The authors of [24] described a predictive maintenance system for a gateway gantry used in a foundry of a steel plant. The developed system allows for contactless measurement and analysis of vibration generated by the device. It consists of wireless vibration sensors as well as a supervisory control and data acquisition (SCADA) system. At the same time, the collected data analysis was based on the real environment. Data analysis was performed using wavelet transform, which is useful for diagnostics of induction engine rotor, bearings, and transmission networks. Sensors used for vibration measurement were installed permanently and wirelessly. The selected hardware was dust-proof and temperature-resistant in order to increase reliability. In order to accurately determine the technical condition of the said gantry, trend analysis, as well as verification tests using renovated gantry, were applied.
The authors of [25] described a vibration analysis method designed for the gas turbine generator (GTG) used in cogeneration power plants. It allows for the technical condition of the engine that drives GTG since abnormal vibration levels can occur in the case of unbalanced rotating elements, misalignment and looseness of mechanical parts, and other malfunctions, such as fatigue cracking of the machine’s rotor. By trend analysis, it was possible to identify faulty elements of the GTG.

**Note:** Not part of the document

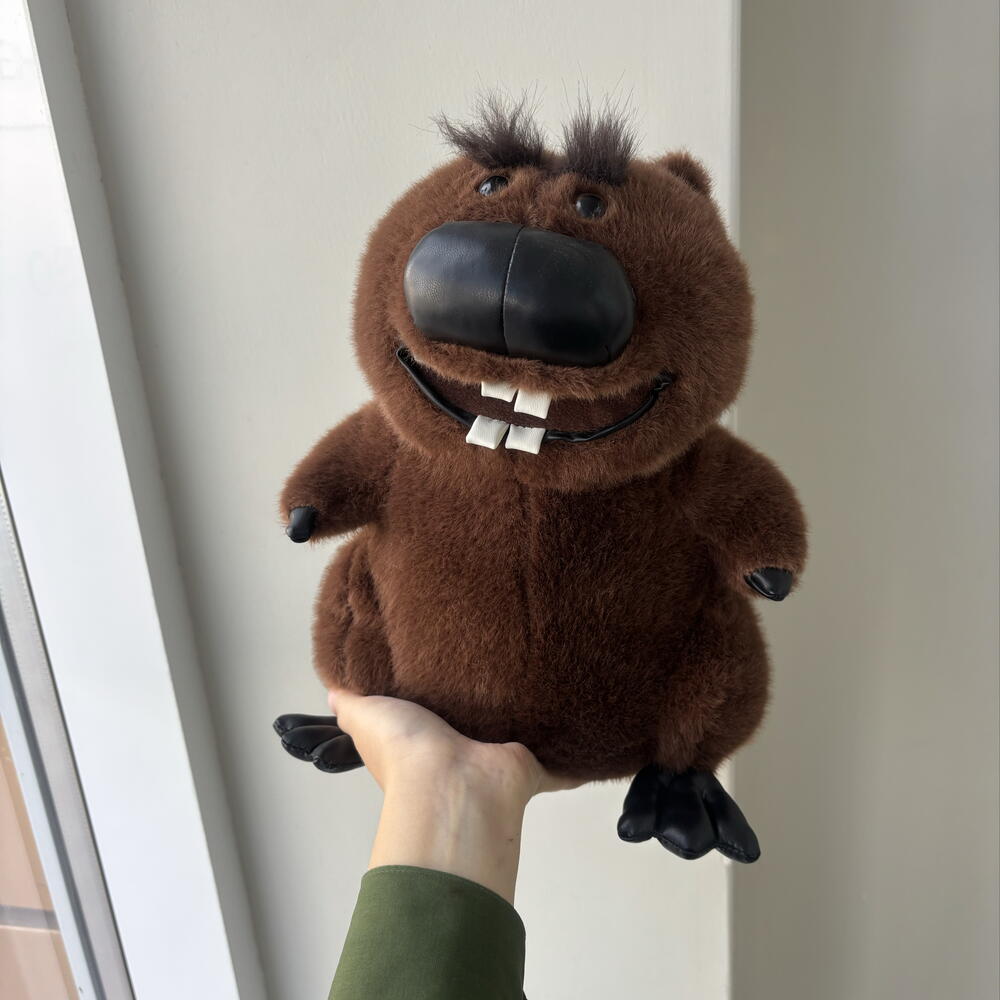 Забавный бобёр🦫 (и)
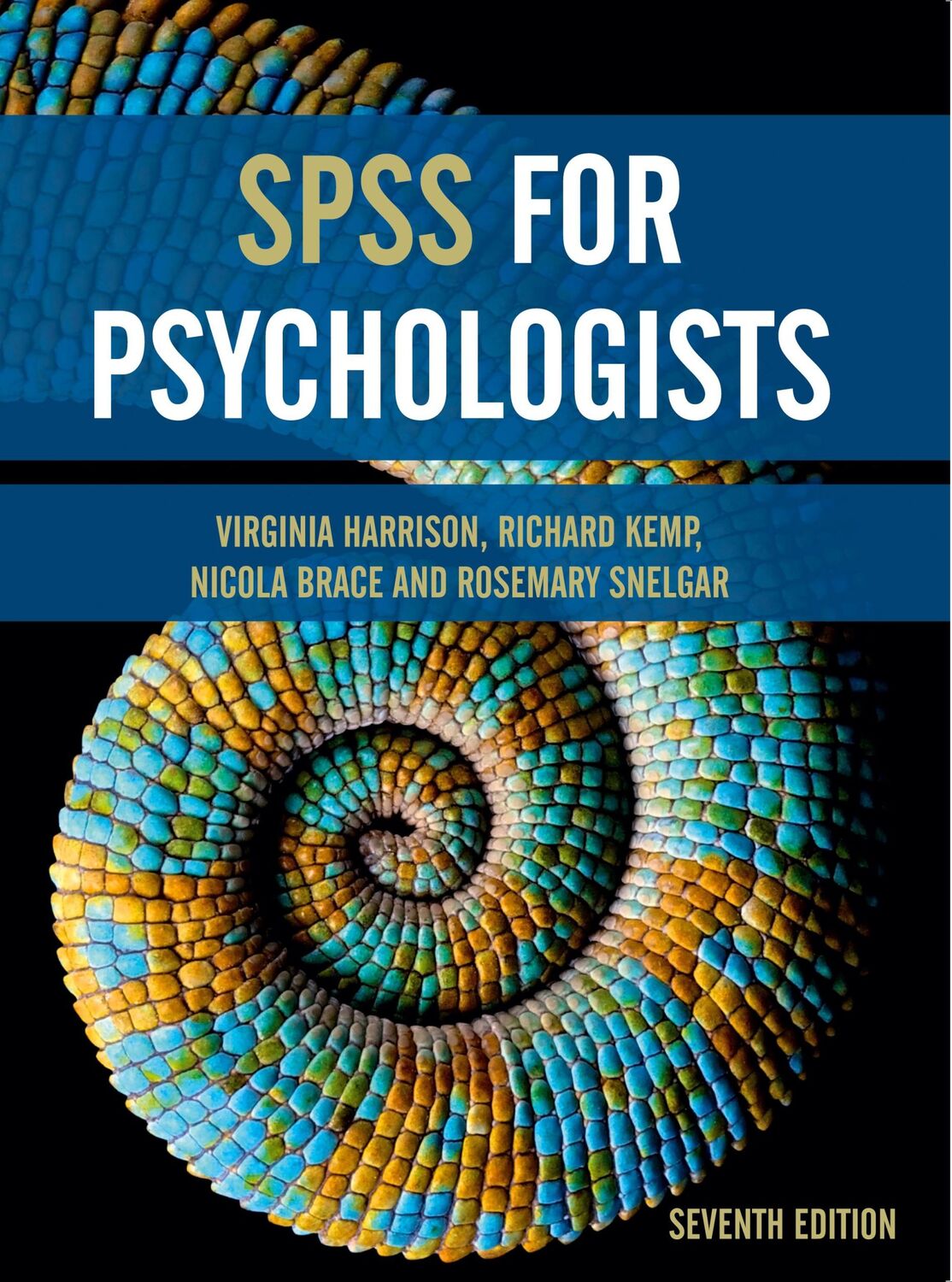 Cover: 9781352009941 | SPSS for Psychologists | Nicola Brace (u. a.) | Taschenbuch | Englisch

It is also possible to apply vibration analysis to other types of malfunctions. The authors of [26] used continuous Morlet wavelet transform in order to detect potential punctual damage to gears coupled to a motor and a generator. It allowed it to accurately detect gears’ faulty teeth, which can be useful in machinery park maintenance.

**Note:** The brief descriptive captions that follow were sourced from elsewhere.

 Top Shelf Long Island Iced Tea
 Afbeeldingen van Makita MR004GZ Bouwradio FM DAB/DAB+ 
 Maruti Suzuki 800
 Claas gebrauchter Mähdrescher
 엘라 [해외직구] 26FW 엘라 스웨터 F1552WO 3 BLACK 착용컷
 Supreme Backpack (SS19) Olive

One of the interesting solutions applied to predictive maintenance is the use of infrared thermography presented in [27,28]. The application of deep learning networks in the analysis of thermographic images results in high performance in classifying the state of photovoltaic panels and, through this, an increase in the efficiency of generating electrical power from these renewable sources. Neural networks can also be applied in power distribution [29] and in the estimation of the current grid parameters [30], which can also contribute to smart grid optimization with renewable sources. The Bayesian optimizer [31,32] is very commonly used in this area. Neural networks of both machine and deep Learning types are implemented most often in cloud computing or less often in edge computing architecture using Industry 4.0 standards and the Internet of Things. [33,34]

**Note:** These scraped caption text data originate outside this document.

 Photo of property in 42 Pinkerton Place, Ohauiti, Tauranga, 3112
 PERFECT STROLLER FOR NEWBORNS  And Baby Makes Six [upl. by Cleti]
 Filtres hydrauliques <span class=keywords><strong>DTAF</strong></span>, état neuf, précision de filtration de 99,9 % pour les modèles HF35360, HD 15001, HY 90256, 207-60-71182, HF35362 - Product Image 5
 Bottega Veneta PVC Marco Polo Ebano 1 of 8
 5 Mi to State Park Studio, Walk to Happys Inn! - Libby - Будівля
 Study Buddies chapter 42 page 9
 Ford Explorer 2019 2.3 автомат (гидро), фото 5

While there are many different methods of analyzing the signal, the most popular data acquisition method is based on accelerometers that can accurately measure both frequencies and amplitudes of oscillations induced by the machine’s components, and this method is also used in wind turbines’ predictive maintenance systems, as shown by the authors of [35]. In the case mentioned, the signal analysis was mainly focused on remaining useful life estimation that could give a clear answer on when it is necessary to replace some parts of the device using the health index algorithm and statistical analysis on limited data.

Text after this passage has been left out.